HTML is a markup language (that's what the ML part stands for). As with any popular markup language, it changes over time just as programming languages and human languages do. The only differences wsith HTML is the speed at which it changes and the way that so much old HTML continues to exist.
HTML changed much more quickly in its earlier years than it has done more recently. HTML 4 became the "standard" back in 1997. One of the things that it did was to get rid of a lot of the tags that would no longer be necessary once browsers supported defining the page appearance using CSS. It finally became practical to actually do this in about 2005 once use of Netscape 4 dropped low enough to ignore - since that was the last of the popular browsers that didn't support enough CSS to be able to actually use HTML 4 as intended.
Now it takes time for existing code to be updated to reflect modern usage. For many years programming languages have "deprecated" code that was valid in the prior version but which shouldn't be used in the new version. This provides a warning to those writing new code to not use those constructs and for those with old code that does use those constructs that they will need to update their code to replace those before the next version of the language comes out - because that next version will no longer support that code at all.

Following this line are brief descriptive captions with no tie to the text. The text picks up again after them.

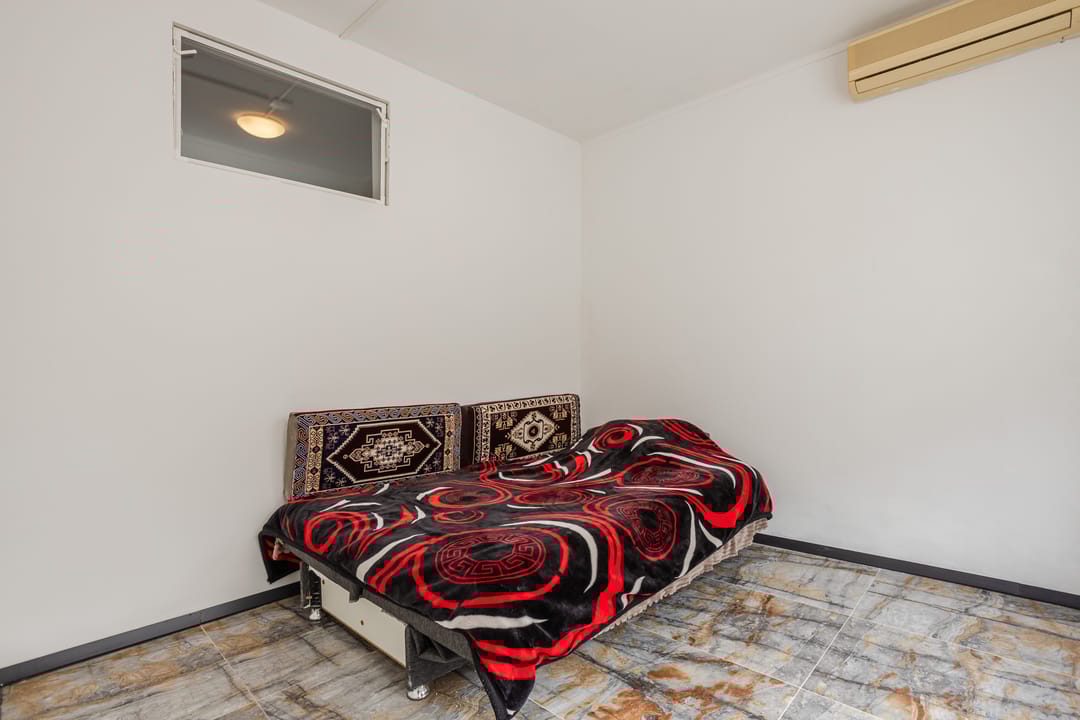 Foto 17 van Kerkstraat 46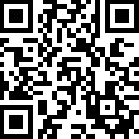 es文件浏览器下载安装旧版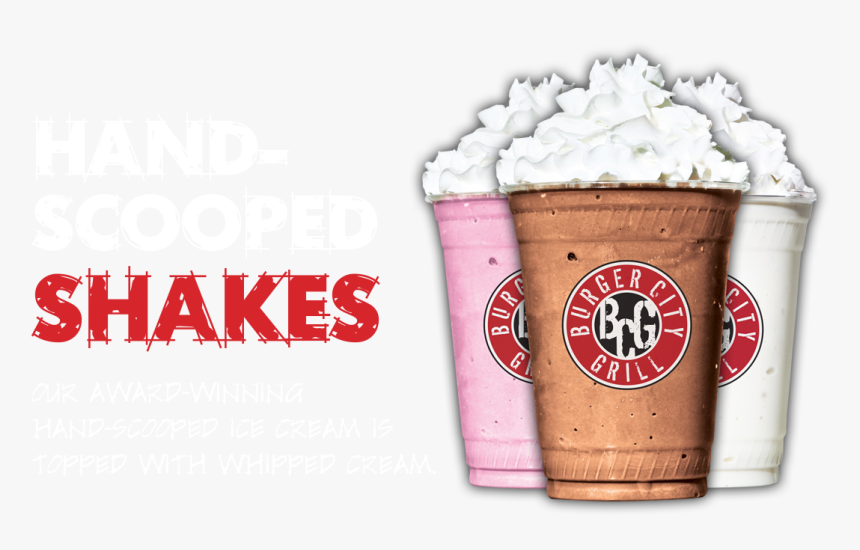 Ice Cream, HD Png Download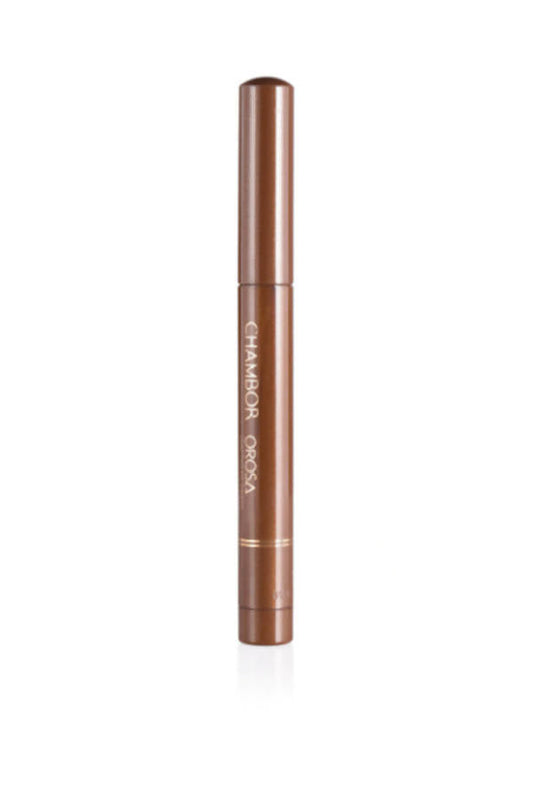 Chambor 103 Honey Rose Orosa Sculpting Eye Shadow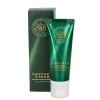 Sale Collonil 1909 Leather Cream Tube 75ml neutral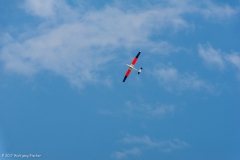 Bremserfest(28)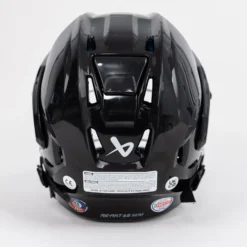 Bauer Re-AKT 65 Hockey Helmet / Cage Combo -Bauer Sale Store bauer helmet cage combo bauer re akt 65 hockey helmet cage combo 30540010815554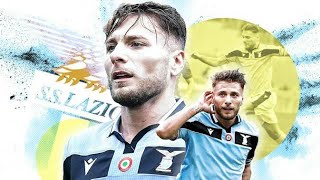 Ciro Immobile 2020  All 33 Amazing Goals And Skills  HD [upl. by Paris]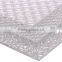 Polystyrene Plastic Sheet,PS Plate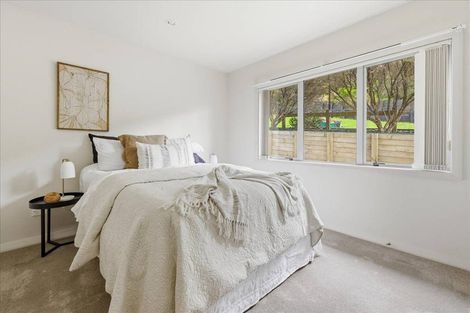 Photo of property in 11 Southill Way, Pyes Pa, Tauranga, 3112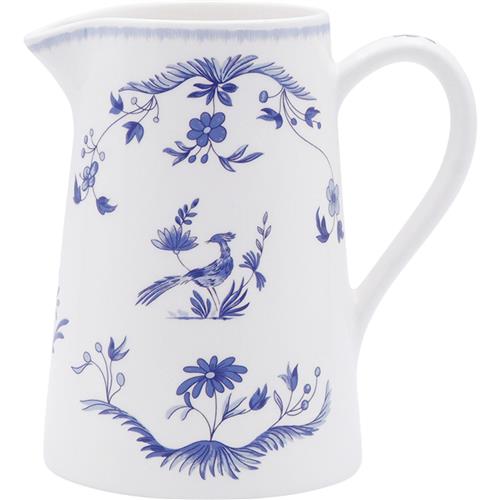 Gien Kan Paradis Bleu 1L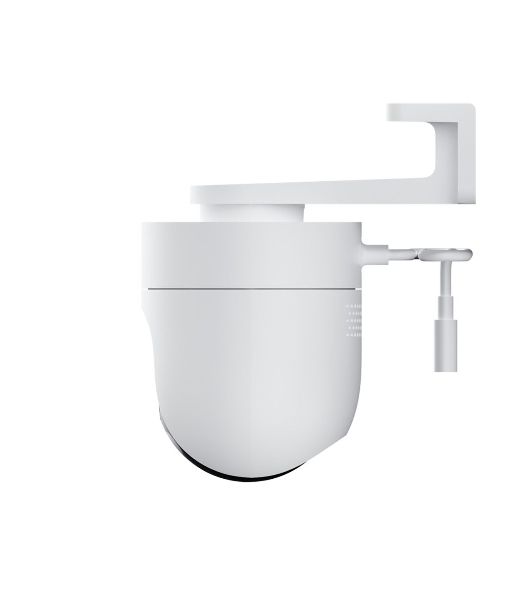 Камера наружного наблюдения Xiaomi Outdoor Camera CW400 EU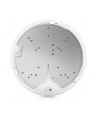 ubiquiti Punkt dostępowy  Access Point WiFi 6 PRO U6-PRO - nr 82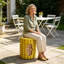 Tabouret 17,32 "High Novelty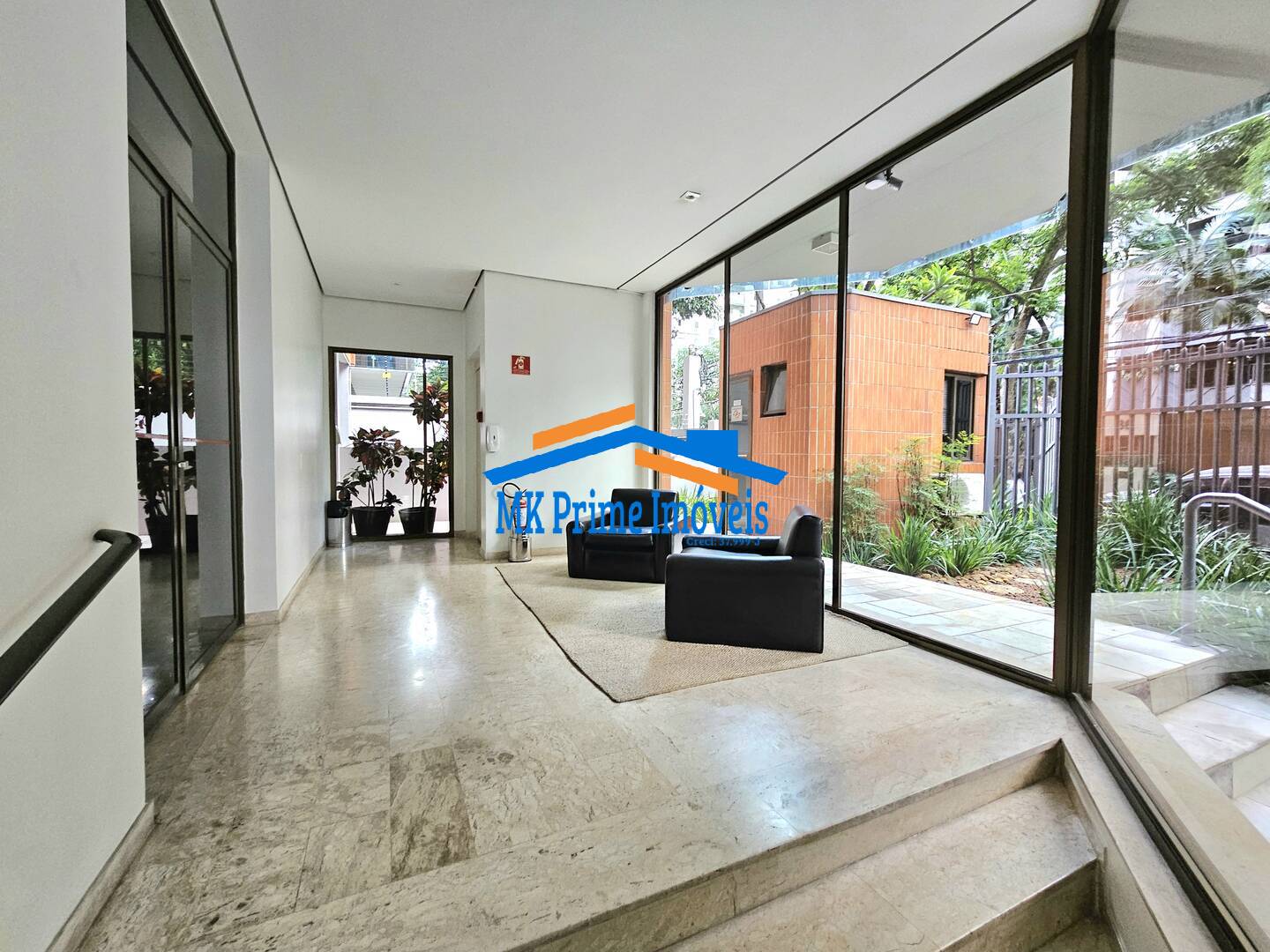 Apartamento, 2 quartos, 163 m² - Foto 62
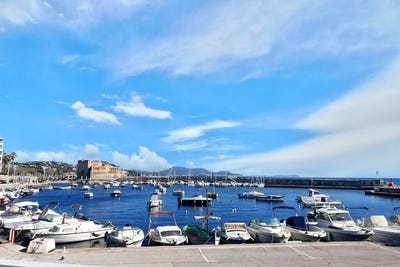 /international/fr/toulon-provence-alpes-cote-d-azur-310101514885/?lang=en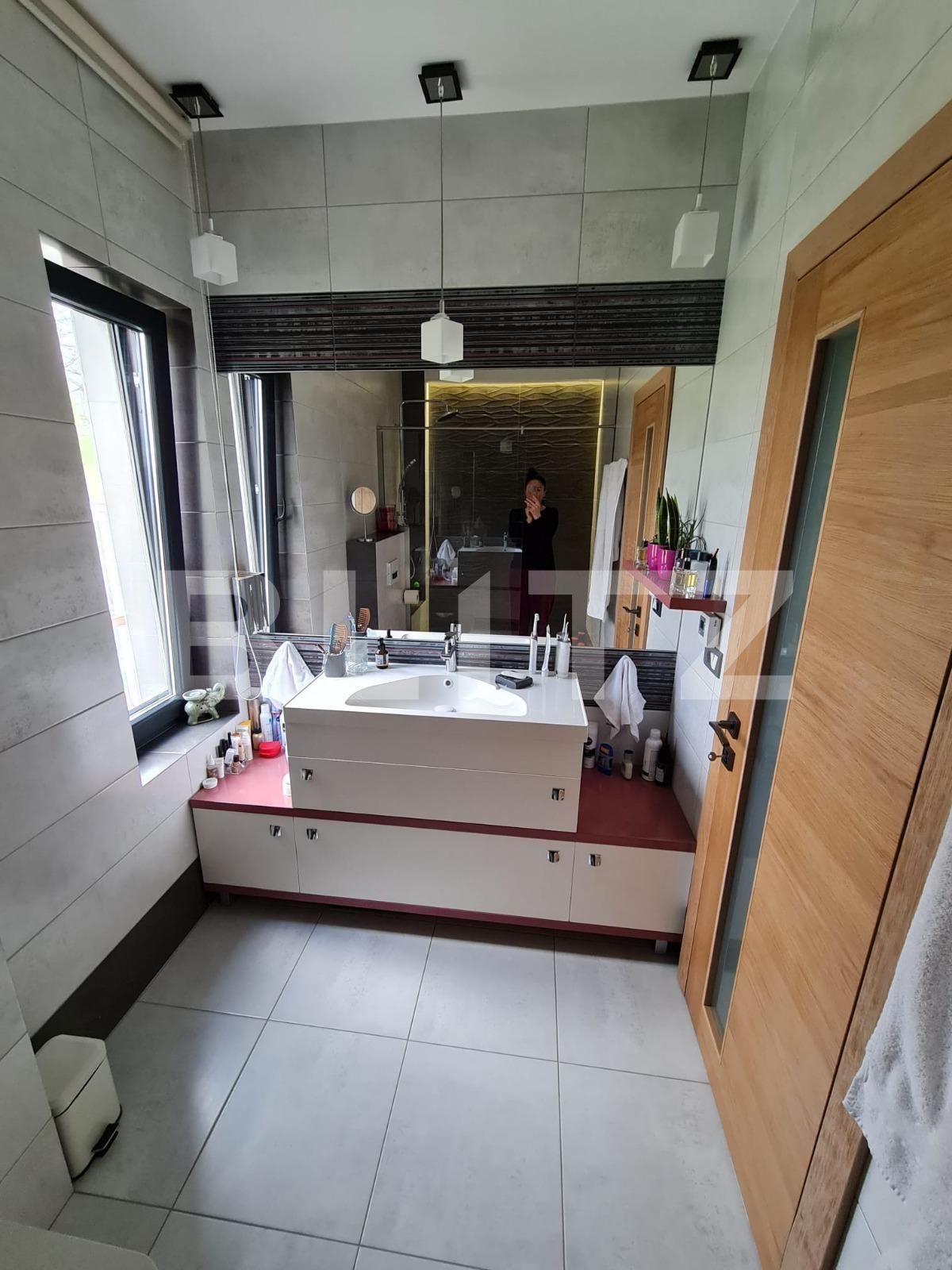 Casa de vânzare 5 camere Borhanci - 85874CV | BLITZ Cluj-Napoca | Poza17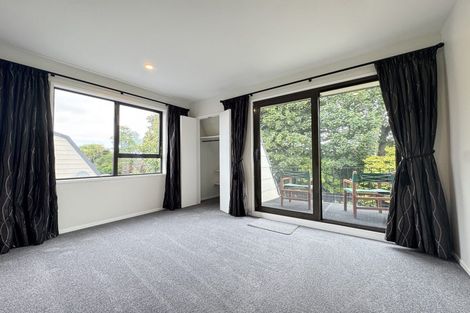 Photo of property in 1/74 Jeffreys Road, Fendalton, Christchurch, 8052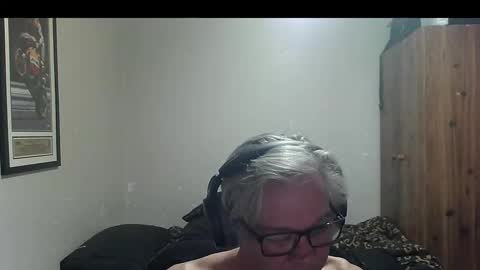 kevwestunder9696 online show from 10-17-25, 10:40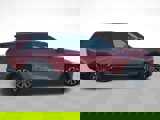 New 2026 Cadillac Vistiq Sport image 4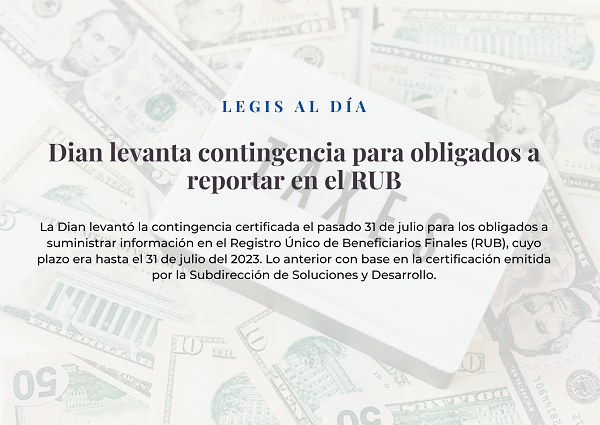 Noticia1 Legis 12092023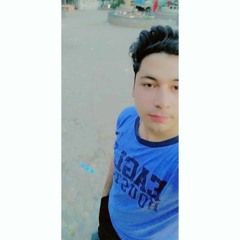 Pashto New Mashup 2021 Song by Rashid Ahmad Khan Remix _khuda gawah_ qataghani _ yaka dam pesh(MP3_1
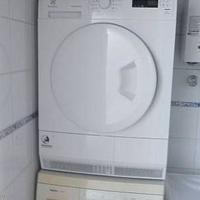 Flat in Spain, Comunitat Valenciana, Alicante, 100 sq.m.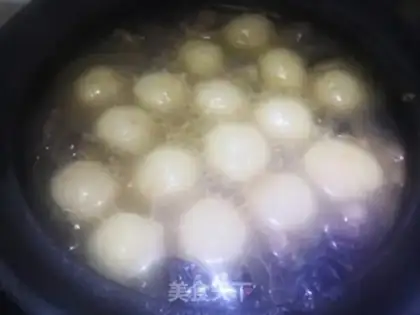 Make Potatoballs step 10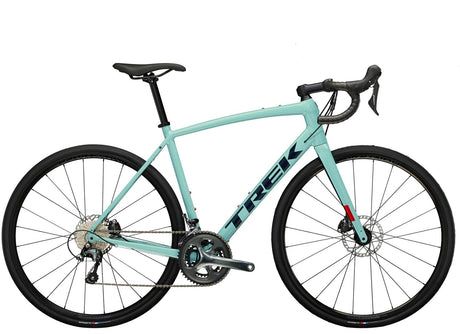 Domane AL 4 Disc Blue Sage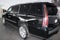 2016 Cadillac Escalade ESV Premium Collection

That same meaning for "deprecated" was intended with HTML 4. A "transitional" doctype was also provided that accepted the deprecated tags as valid so as to allow people to slowly transition their web pages from HTML 3.2 to HTML 4. Unfortunately, most people don't appear to have understood what "deprecated" and "transitional" mean with many web pages only being transitioned to use the transitional doctype while still continuing to use the antiquated HTML 3.2 tags that HTML 4 was warning would soon be dropped completely from the standard.
As a result of so many web pages continuing to use HTML 3.2 tags the web browsers cannot actually proceed to the next step and actually drop support for those now long dead tags. Unlike with programming languages where the following version actually ceases to support those things deprecated in the prior version, any attempt to do so with HTML would break the over 90% of the web that still uses the HTML 3.2 tags that were deprecated in 1997.
Now "deprecated" basically means the same thing as "obsolete" but most people are far more familiar with the latter term. HTML 5 has therefore decided to cease using the term "deprecated" for all the tags that HTML 4 removed in 1997 and the few additional ones that HTML 5 itself is intending to remove and instead now refers to them as "obsolete". The other change that has been made in switching the term used is recognition that there are lots of people out there who will continue to create web pages using HTML 3.2 (regardless of what doctype they use with it) and so while calling the tags deprecated implied that they were about to have support for them removed, the newly named "obsolete" tags are no longer intended to be removed from browsers.Instead browsers will be required to continue to support the obsolete tags so that the vast majority who still write HTML 3.2 will be able to have their web pages display correctly when people visit.
To a large extent the people working on HTML 5 are looking at making their new standard match the way browsers work rather than attempting to define how browsers ought to work (perhaps they are leaving that for HTML 6). This means that with HTML 5 there is no provision for trying to suggest that browsers should process different versions of HTML differently. Unlike with HTML 4 where you could use a strict doctype to identify that your page is supposed to be HTML 4 and a transitional doctype to indicate that it was still really HTML 3.2 and at least use a validator to test whether your HTML actually matched the appropriate standard, you don't have that information stored in an HTML 5 web page itself and so would need to select what version to validate against in the validator. The lack of this information within the page means that there is no longer even a possibility that browsers might actually implement something that will validate the HTML against the actual standard you are attempting to use. This is particularly unfortunate now that the latest versions of all browsers support XHTML because some browsers can actually perform this type of validation on XHTML web pages.